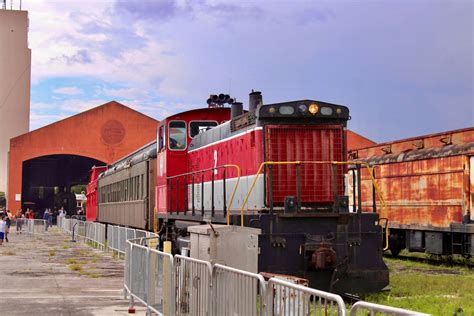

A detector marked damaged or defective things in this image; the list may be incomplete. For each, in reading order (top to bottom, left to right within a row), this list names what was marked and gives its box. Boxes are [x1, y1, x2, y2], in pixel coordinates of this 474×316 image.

rusty railcar [348, 127, 474, 256]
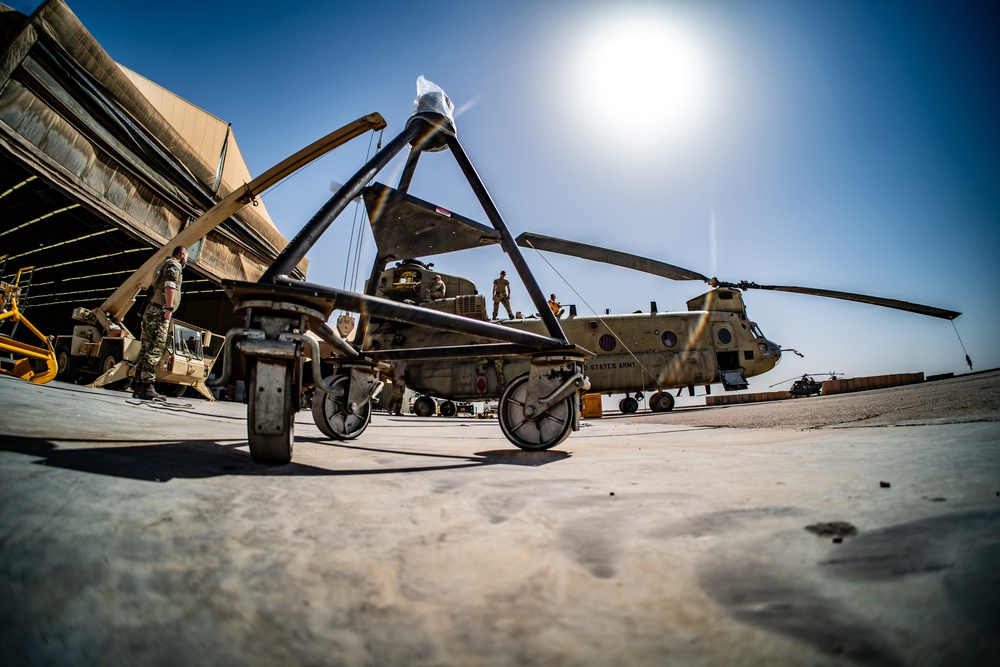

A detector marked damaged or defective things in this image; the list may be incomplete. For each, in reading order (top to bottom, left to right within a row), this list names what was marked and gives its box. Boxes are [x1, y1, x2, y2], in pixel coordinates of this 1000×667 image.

cracked concrete surface [0, 374, 996, 664]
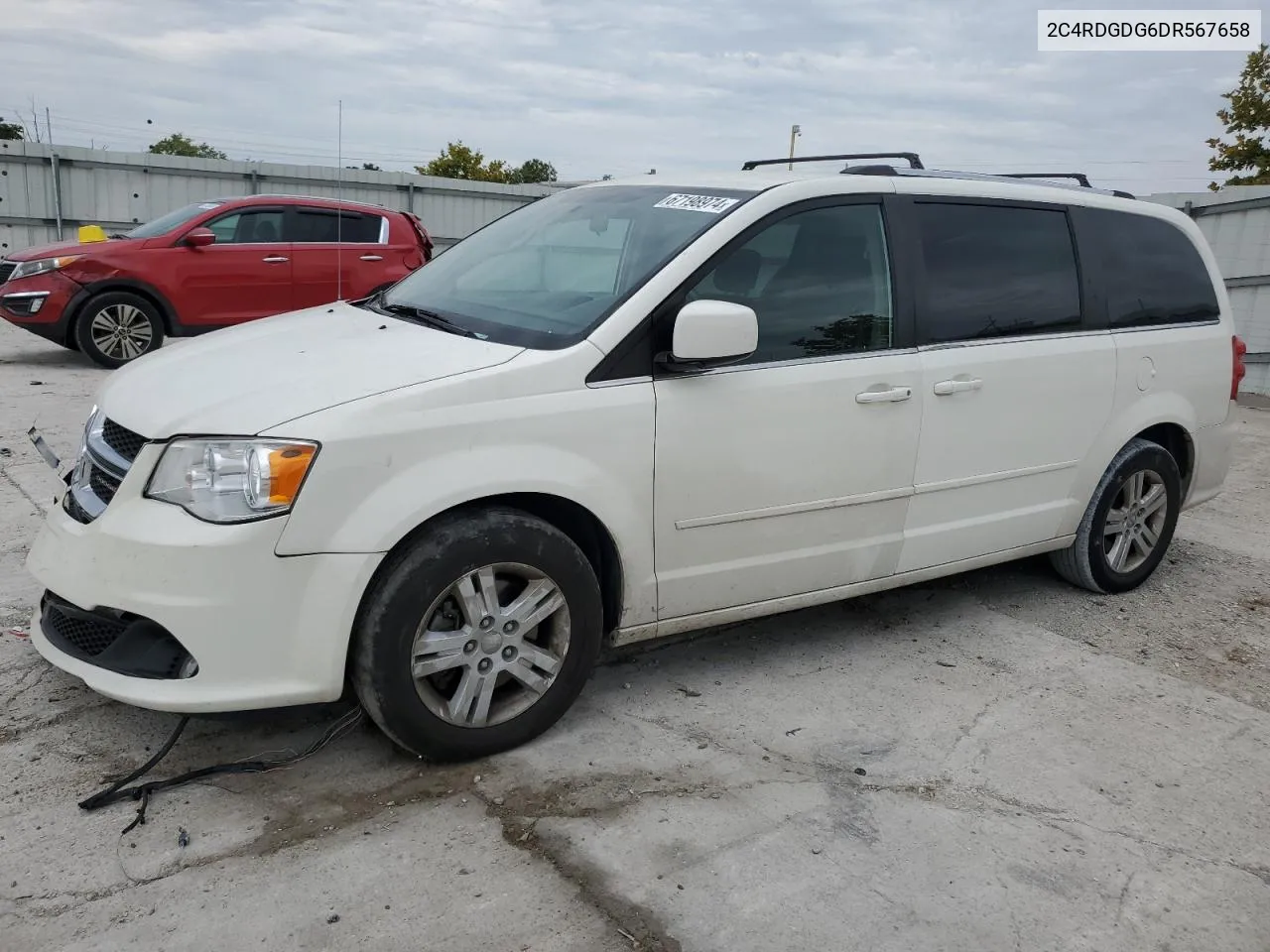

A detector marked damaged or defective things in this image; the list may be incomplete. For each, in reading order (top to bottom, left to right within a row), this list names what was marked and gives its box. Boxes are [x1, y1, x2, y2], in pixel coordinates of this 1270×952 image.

cracked concrete [2, 322, 1270, 952]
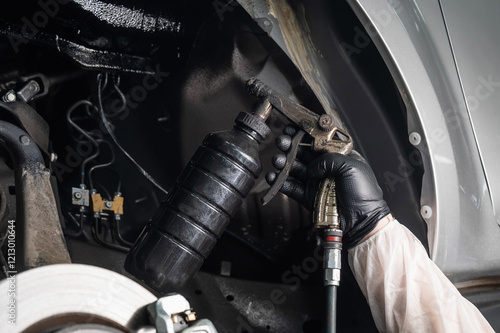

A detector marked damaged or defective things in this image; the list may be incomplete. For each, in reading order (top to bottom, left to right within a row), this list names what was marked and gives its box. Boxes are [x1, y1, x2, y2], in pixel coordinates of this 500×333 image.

rusty metal part [246, 79, 352, 154]
rusty metal part [0, 119, 70, 270]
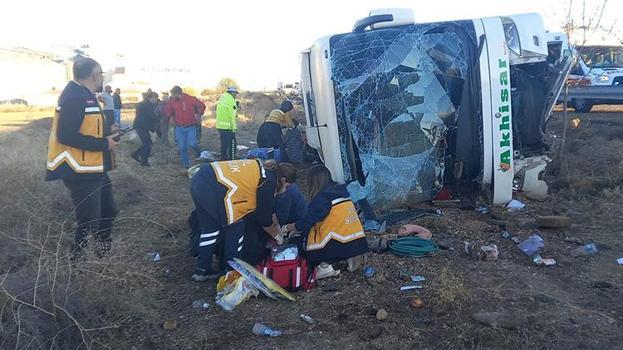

● ● ● ●

> _Work request_
Quote, please, only the lines running from the one with "this 500×333 image." down to the final line of the data above, keeping both ends and skipping the pictures.

> _Answer to this exercise_
A detector marked damaged or defective things in this image; the list may be incomplete. For each, in reading order (top to bottom, left to right within a row), this list names what was marked and gives its box. Boxes are [x1, y1, x2, y2], in pixel coordinates of this 500×333 image.

rusty metal part [246, 79, 352, 154]
rusty metal part [0, 119, 70, 270]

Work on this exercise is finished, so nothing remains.